WHAT IS BEING ASKED:
Word for word, repeat each record that follows.

MATERIAL FOR THIS EXERCISE:
***

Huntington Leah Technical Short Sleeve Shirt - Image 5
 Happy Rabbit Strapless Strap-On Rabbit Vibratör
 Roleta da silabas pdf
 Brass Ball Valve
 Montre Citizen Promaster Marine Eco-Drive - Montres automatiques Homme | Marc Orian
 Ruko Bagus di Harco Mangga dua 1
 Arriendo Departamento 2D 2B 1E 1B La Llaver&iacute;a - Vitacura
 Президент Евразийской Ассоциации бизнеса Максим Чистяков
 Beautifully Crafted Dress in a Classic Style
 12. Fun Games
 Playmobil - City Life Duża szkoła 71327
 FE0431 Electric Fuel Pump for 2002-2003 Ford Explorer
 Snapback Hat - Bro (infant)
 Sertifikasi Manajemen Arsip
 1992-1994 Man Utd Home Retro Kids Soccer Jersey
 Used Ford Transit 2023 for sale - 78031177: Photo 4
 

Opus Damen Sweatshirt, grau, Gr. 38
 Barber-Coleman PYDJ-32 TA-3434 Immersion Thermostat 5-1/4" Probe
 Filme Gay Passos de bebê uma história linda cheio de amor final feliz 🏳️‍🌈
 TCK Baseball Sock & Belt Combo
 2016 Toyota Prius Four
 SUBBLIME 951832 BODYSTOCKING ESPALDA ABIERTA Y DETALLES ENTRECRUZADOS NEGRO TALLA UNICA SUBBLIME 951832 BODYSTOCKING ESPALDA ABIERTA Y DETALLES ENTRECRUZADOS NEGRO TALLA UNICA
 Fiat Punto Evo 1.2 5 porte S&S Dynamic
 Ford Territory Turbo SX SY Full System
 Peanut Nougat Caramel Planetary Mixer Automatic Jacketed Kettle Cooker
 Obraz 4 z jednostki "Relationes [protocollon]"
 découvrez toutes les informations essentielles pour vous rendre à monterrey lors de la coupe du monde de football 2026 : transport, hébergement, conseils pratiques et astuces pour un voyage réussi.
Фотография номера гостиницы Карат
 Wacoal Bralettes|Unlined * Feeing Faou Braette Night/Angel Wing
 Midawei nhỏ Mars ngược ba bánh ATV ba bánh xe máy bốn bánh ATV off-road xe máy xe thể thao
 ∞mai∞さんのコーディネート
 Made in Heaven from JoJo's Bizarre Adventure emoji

***

WRITTEN RESPONSE:
Huntington Leah Technical Short Sleeve Shirt - Image 5
 Happy Rabbit Strapless Strap-On Rabbit Vibratör
 Roleta da silabas pdf
 Brass Ball Valve
 Montre Citizen Promaster Marine Eco-Drive - Montres automatiques Homme | Marc Orian
 Ruko Bagus di Harco Mangga dua 1
 Arriendo Departamento 2D 2B 1E 1B La Llaver&iacute;a - Vitacura
 Президент Евразийской Ассоциации бизнеса Максим Чистяков
 Beautifully Crafted Dress in a Classic Style
 12. Fun Games
 Playmobil - City Life Duża szkoła 71327
 FE0431 Electric Fuel Pump for 2002-2003 Ford Explorer
 Snapback Hat - Bro (infant)
 Sertifikasi Manajemen Arsip
 1992-1994 Man Utd Home Retro Kids Soccer Jersey
 Used Ford Transit 2023 for sale - 78031177: Photo 4
 

Opus Damen Sweatshirt, grau, Gr. 38
 Barber-Coleman PYDJ-32 TA-3434 Immersion Thermostat 5-1/4" Probe
 Filme Gay Passos de bebê uma história linda cheio de amor final feliz 🏳️‍🌈
 TCK Baseball Sock & Belt Combo
 2016 Toyota Prius Four
 SUBBLIME 951832 BODYSTOCKING ESPALDA ABIERTA Y DETALLES ENTRECRUZADOS NEGRO TALLA UNICA SUBBLIME 951832 BODYSTOCKING ESPALDA ABIERTA Y DETALLES ENTRECRUZADOS NEGRO TALLA UNICA
 Fiat Punto Evo 1.2 5 porte S&S Dynamic
 Ford Territory Turbo SX SY Full System
 Peanut Nougat Caramel Planetary Mixer Automatic Jacketed Kettle Cooker
 Obraz 4 z jednostki "Relationes [protocollon]"
 découvrez toutes les informations essentielles pour vous rendre à monterrey lors de la coupe du monde de football 2026 : transport, hébergement, conseils pratiques et astuces pour un voyage réussi.
Фотография номера гостиницы Карат
 Wacoal Bralettes|Unlined * Feeing Faou Braette Night/Angel Wing
 Midawei nhỏ Mars ngược ba bánh ATV ba bánh xe máy bốn bánh ATV off-road xe máy xe thể thao
 ∞mai∞さんのコーディネート
 Made in Heaven from JoJo's Bizarre Adventure emoji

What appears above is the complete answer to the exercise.